Crawled caption data
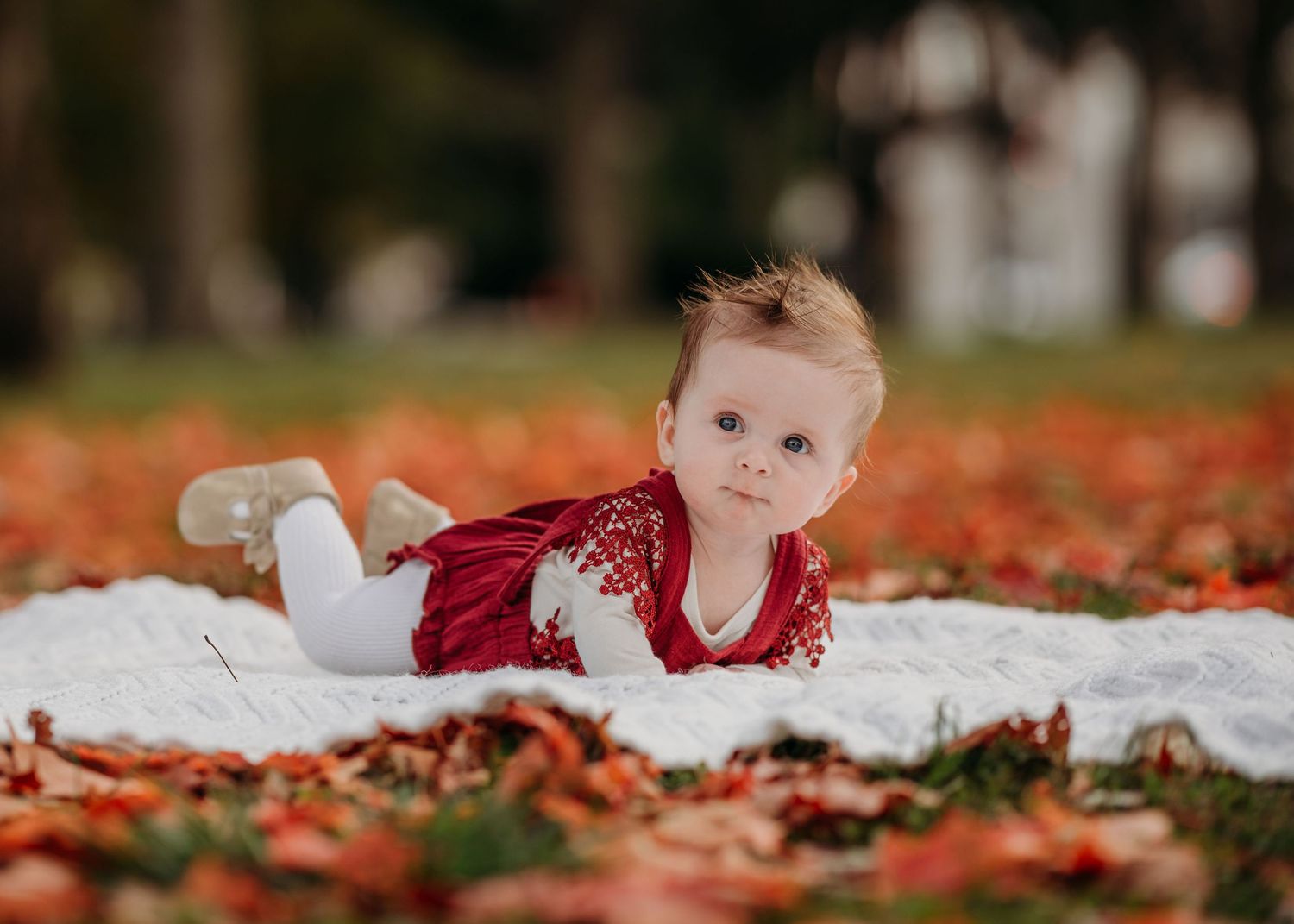 Baby in red velvet dress lying on white blanket surrounded by fall leaves in an autumn outdoor setting.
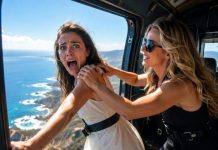 My sister smiled from the helicopter door and said, “Just lean closer for the photo.” Then her hands hit my shoulders, and I fell into the sky. Four days later, my husband stood beside my coffin, ready to collect five million dollars. He whispered, “She was too weak to survive.” That was when the church doors opened… and I walked in alive.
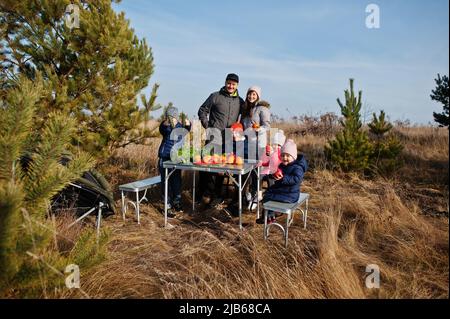 Fröhliche große Familie bei einem Picknick. Im Urlaub mit Obst im Freien. Stockfoto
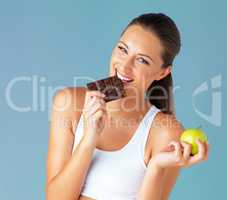 My diet makes room for the occasional indulgence. Studio shot of a fit young woman holding an apple while taking a bite of chocolate against a blue background.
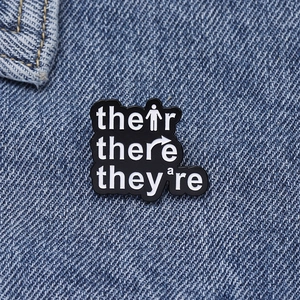 Macro detail of English grammar enamel pin with their there they're text on denim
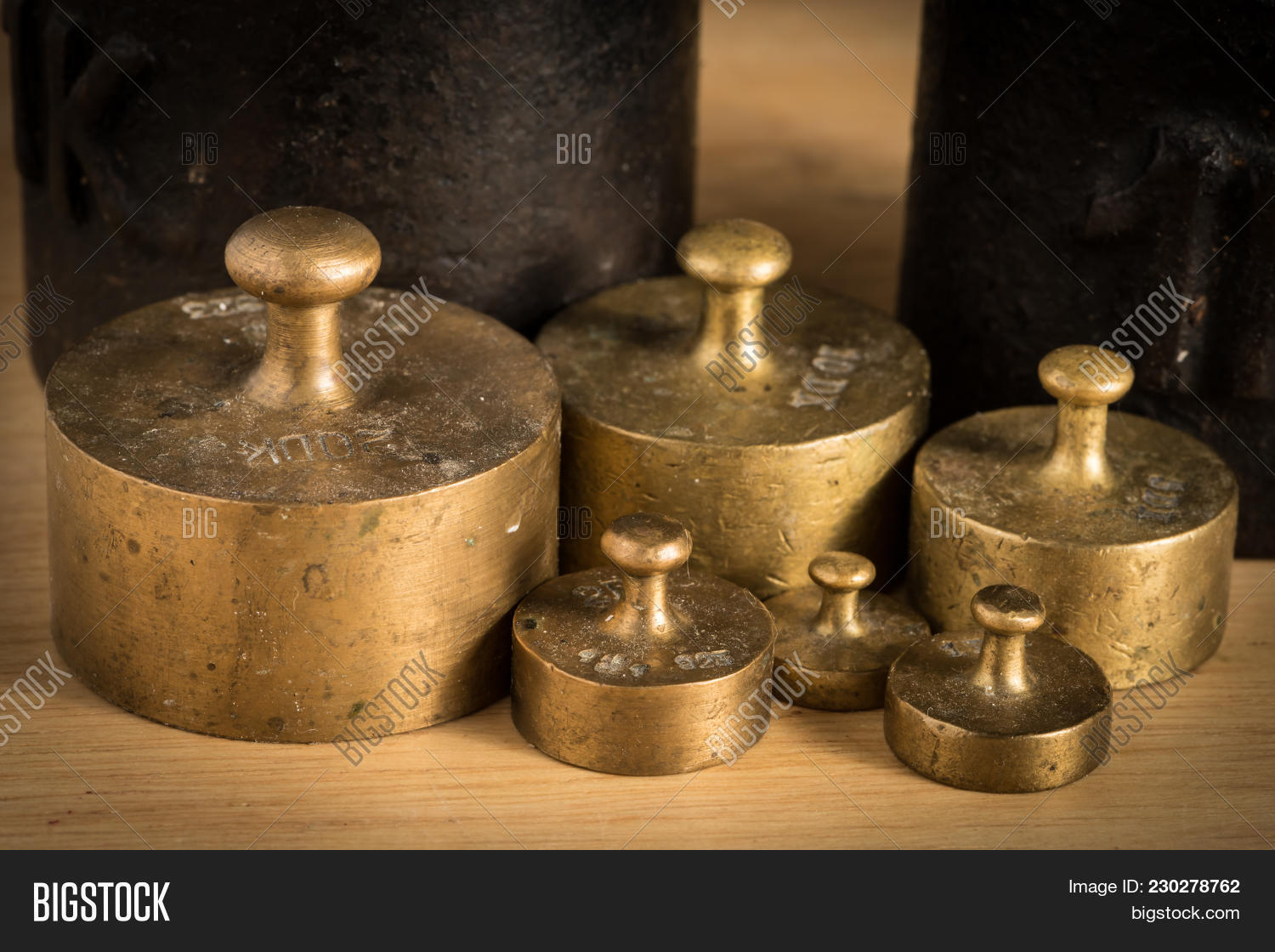 1kg,accurate,ancient,antique,background,balance,black,brass,bronze,brown,calibration,concept,conceptual,device,gold,gram,heavy,iron,kilogram,mass,measure,measurement,metal,old,one,precision,retro,rustic,rusty,scale,small,table,traditional,unit,vintage,weigh,weighing,weight,white,wood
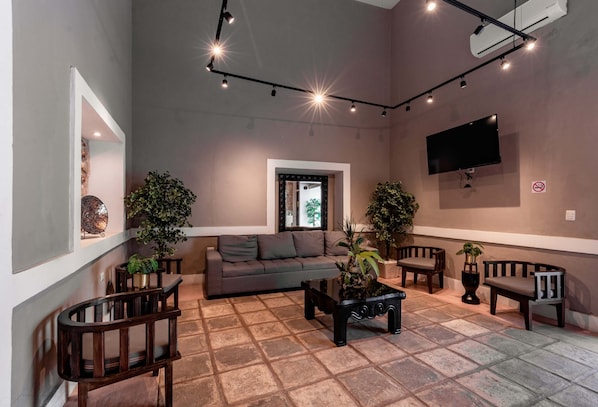 A modern living room with a sofa, coffee table, and chairs, a flat-screen TV mounted on the wall, and ceiling lights.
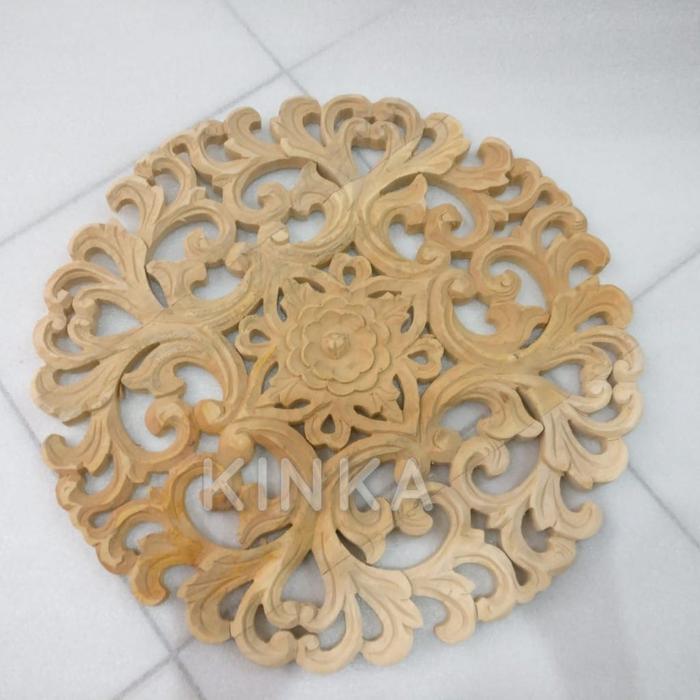 Ukiran kayu bulat bNs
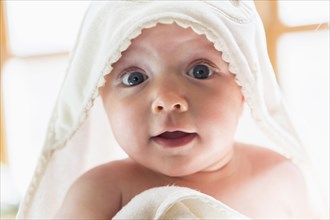 Caucasian baby wrapped in towel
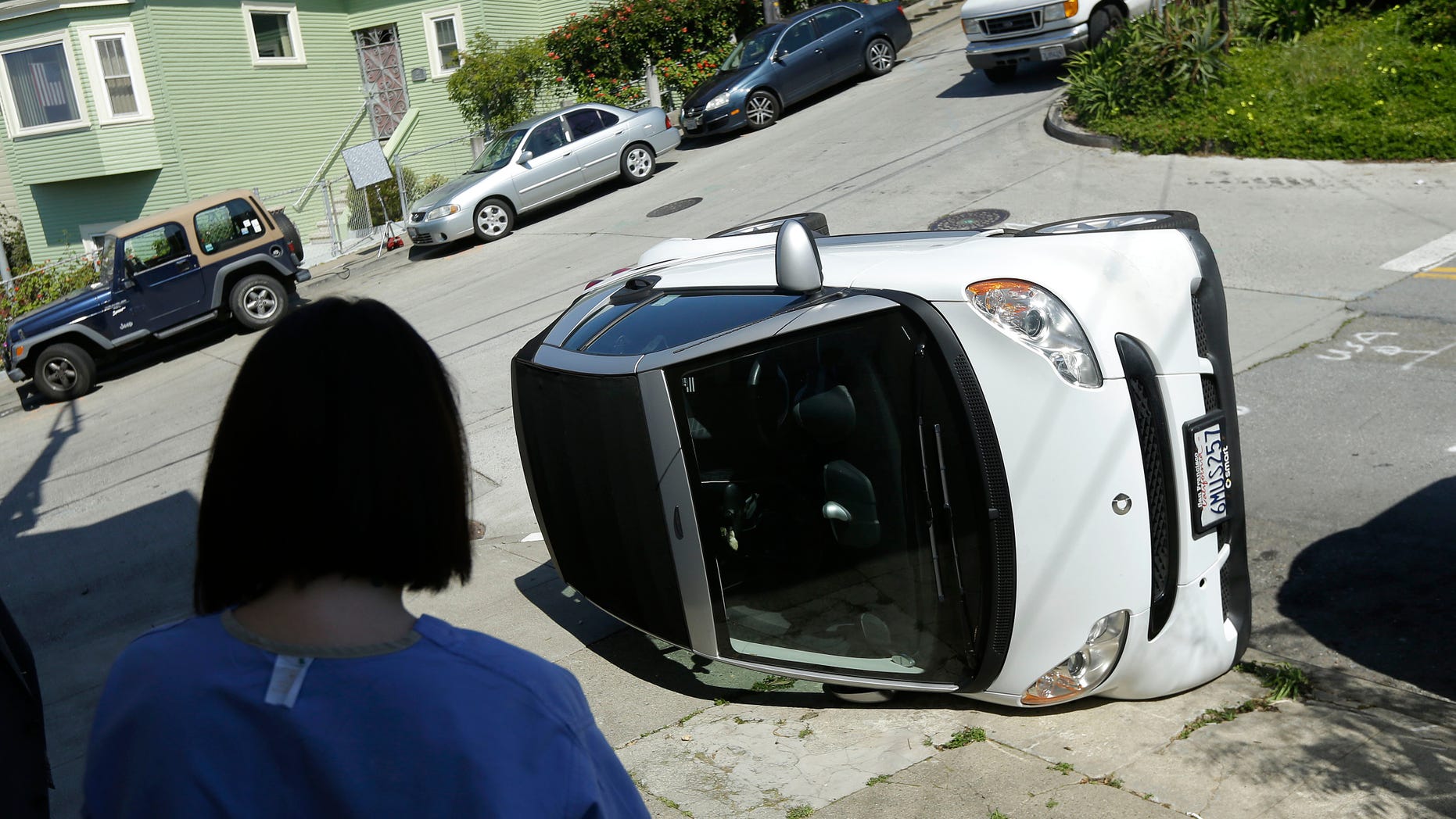 Shelley Gallivan looks toward a tipped over Smart car which belongs to her friend in San Francisco, April 7, 2014.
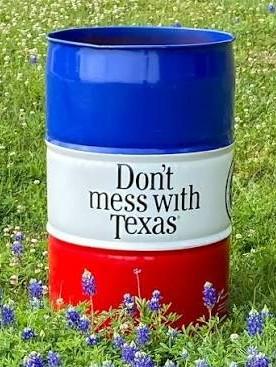 Red, white, and blue 55-gallon barrel surrounded by Texas bluebonnet wildflowers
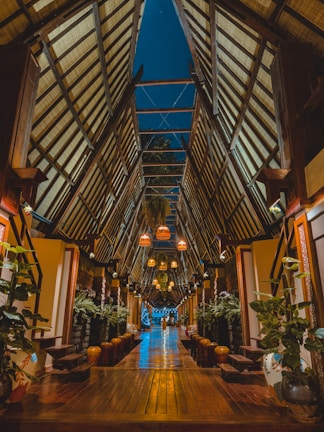 the inside of a building with a wooden floor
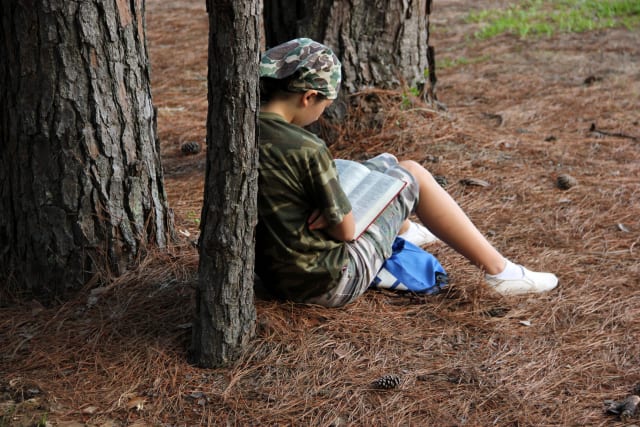 Camper Reading the Bible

What to produce
From first line to last, return the records verbatim without their pictures.

Exercise output
 Baby in red velvet dress lying on white blanket surrounded by fall leaves in an autumn outdoor setting.
 My sister smiled from the helicopter door and said, “Just lean closer for the photo.” Then her hands hit my shoulders, and I fell into the sky. Four days later, my husband stood beside my coffin, ready to collect five million dollars. He whispered, “She was too weak to survive.” That was when the church doors opened… and I walked in alive.
 Fröhliche große Familie bei einem Picknick. Im Urlaub mit Obst im Freien. Stockfoto
 My diet makes room for the occasional indulgence. Studio shot of a fit young woman holding an apple while taking a bite of chocolate against a blue background.
 Macro detail of English grammar enamel pin with their there they're text on denim
 1kg,accurate,ancient,antique,background,balance,black,brass,bronze,brown,calibration,concept,conceptual,device,gold,gram,heavy,iron,kilogram,mass,measure,measurement,metal,old,one,precision,retro,rustic,rusty,scale,small,table,traditional,unit,vintage,weigh,weighing,weight,white,wood
 A modern living room with a sofa, coffee table, and chairs, a flat-screen TV mounted on the wall, and ceiling lights.
 Ukiran kayu bulat bNs
 Caucasian baby wrapped in towel
 Shelley Gallivan looks toward a tipped over Smart car which belongs to her friend in San Francisco, April 7, 2014.
 Red, white, and blue 55-gallon barrel surrounded by Texas bluebonnet wildflowers
 the inside of a building with a wooden floor
 Camper Reading the Bible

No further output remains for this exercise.